Pantalone — the left-wing candidate endorsed by outgoing Mayor David Miller — was curt in his reaction to the night’s stunning outcome. “The people of Toronto have spoken and democracy is beautiful,” Pantalone said.

The night also saw Mike Layton, son of federal NDP Leader Jack Layton, walk in his father’s footsteps as he won Pantalone’s Trinity-Spadina ward — the same neighbourhood stepmother Olivia Chow represents federally. Meanwhile in Ottawa, another former provincial cabinet minister — Jim Watson — easily won the mayor’s race against businessman-turned-politician Larry O’Brien, in a race dominated by transit and urban development issues.

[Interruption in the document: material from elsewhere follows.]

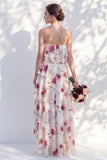Blue Floral Strapless Tiered A Line Bridesmaid Dress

Watson, who served as the city’s mayor before a successful foray into provincial politics, took 49 per cent of the vote with nearly 98 per cent all polls reporting. Conservative incumbent O’Brien had 24 per cent.

Earlier this month, O’Brien made a startling admission that his first two years as mayor were a “disaster,” but implored voters to give him a second chance. His rocky term as mayor of Canada’s capital included allegations of influence peddling that forced him to step down temporarily as the matter went to trial. He resumed his duties after being acquitted.

By contrast, the race just west of the city in Mississauga has been decidedly uneventful, where voters simply watched to see how well 89-year-old Mayor Hazel McCallion performed in her 12th election campaign. “Hurricane” Hazel typically doesn’t campaign, put up signs or buy political ads. Her 31-year tenure as mayor is considered to be so rock solid, but a conflict-of-interest scandal appeared to put a dent in the 90 per cent voter support she’s known to command. With more than three-quarters of polls reporting Monday, McCallion had 76 per cent of the vote — a decisive victory for any politician but not the numbers of old.

In Vaughan, ex-Liberal MP Maurizio Bevilacqua took the mayor’s seat from incumbent Linda Jackson, who is headed to court to face Municipal Elections Act charges.

Other interesting races include London, where former Liberal MP Joe Fontana was in a tight race to keep long-standing Mayor Anne Marie DeCicco-Best from winning a fourth term. In all, there were 444 municipal votes in Ontario.